# How would a panda Garra do in a sorority? How effective are they for algae?



## jadaBlu (Feb 14, 2013)

Should more than one be stocked for fish"happiness" I am looking at this as alternative if I cannot find a Siamese algae eater.


----------



## lilnaugrim (Mar 27, 2013)

*sigh* I love panda garras except there's a few problems with having them. First they do get up to about 4 inches and as all algae eaters they will poop a lot. It's best to have one as they are territorial in nature and may pick on and harass another in the tank. But the biggest issue is what they require as far as environment. As most garra's are made for, they need fast moving currents, lots of rocks and driftwood to cling to to be happy. I had also wanted a garra in my sorority because they were absolutely darling but I find that I'm better off without any real algae eaters. So I don't suggest getting one because the environment requirements are much too different.


----------



## jadaBlu (Feb 14, 2013)

Well I am glad asked then if you read this ebay listing you'd think otherwise:

http://www.ebay.com/itm/1-Panda-Gar...t=Live_Fish&hash=item3cd317ceb8#ht_1310wt_887


----------



## lilnaugrim (Mar 27, 2013)

It means that you'll be getting a fish that would be 1-1.4 inch fish and that they do well with other fish. What I was saying is that they fight with their own kind. Otherwise they are okay with other fish but still, the environmental requirements for it to be happy is way off.

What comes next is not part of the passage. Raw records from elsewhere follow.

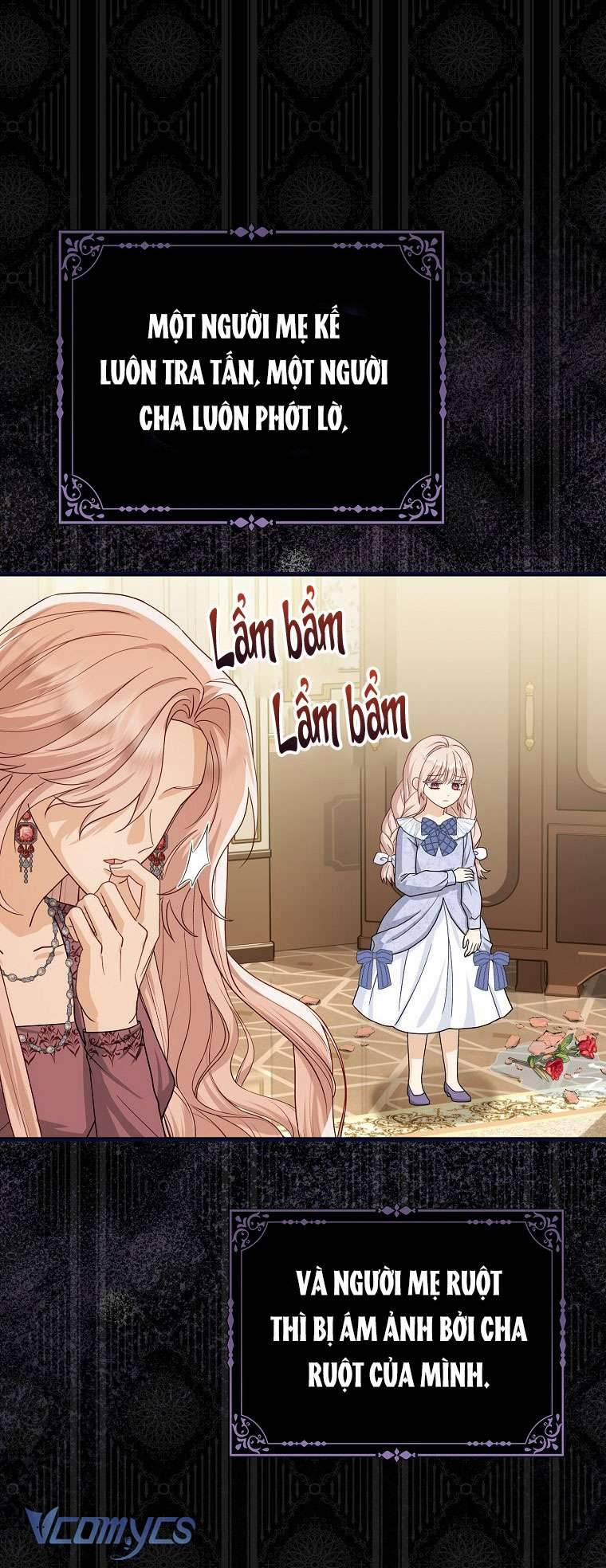 Nhân Vật Phản Diện Đều Thích Tôi 6 trang 4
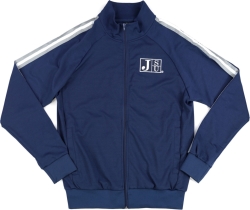 View Buying Options For The Big Boy Jackson State Tigers S6 Mens Jogging Suit Jacket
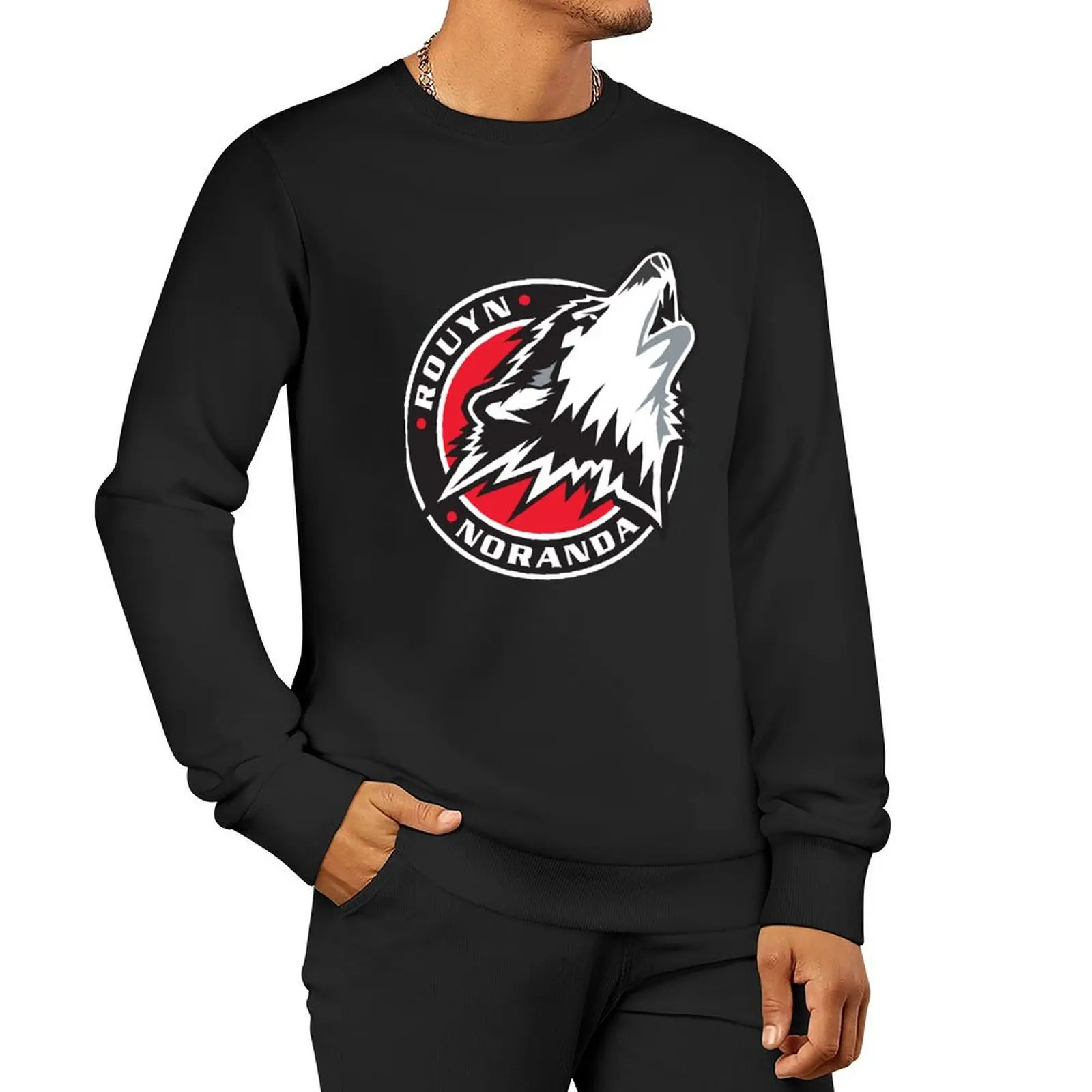 Rouyn Noranda Huskies Pullover Hoodie men's sweat-shirt blouse anime clothing men's sweatshirt
Rouyn Noranda Huskies Pullover Hoodie men's sweat-shirt blouse anime clothing men's sweatshirt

I mean, you're more than welcome to get one if you have room, they do grow to 4 inches and they eat most algae's I believe but like all algae eaters they do poop a lot. They're a lot like a BN Pleco  just cuter ^_^


----------



## jadaBlu (Feb 14, 2013)

No I don't have to have one at all. I wasn't sure the ebay listing would apply my tank. Thus I asked. I am looking for alternatives if I can't find my one Siamese algae eater. Thanks for the answer.


----------



## lilnaugrim (Mar 27, 2013)

Very welcome! No SAE's on ebay or aquabid?


----------



## peachii (Jan 6, 2013)

SAE's eat all types of algae - we are holding out to find one local - or order two when a friend does a fish order next week for the two tanks large enough to need one. They are the best option as far as algae goes that we have found but I also think they are cute. We have albino BN plecos because they are cute and that they eat algae is a wonderful addition.


----------



## jadaBlu (Feb 14, 2013)

I was able to find a LFS that has the SAE's so I am looking forward to picking one up.


----------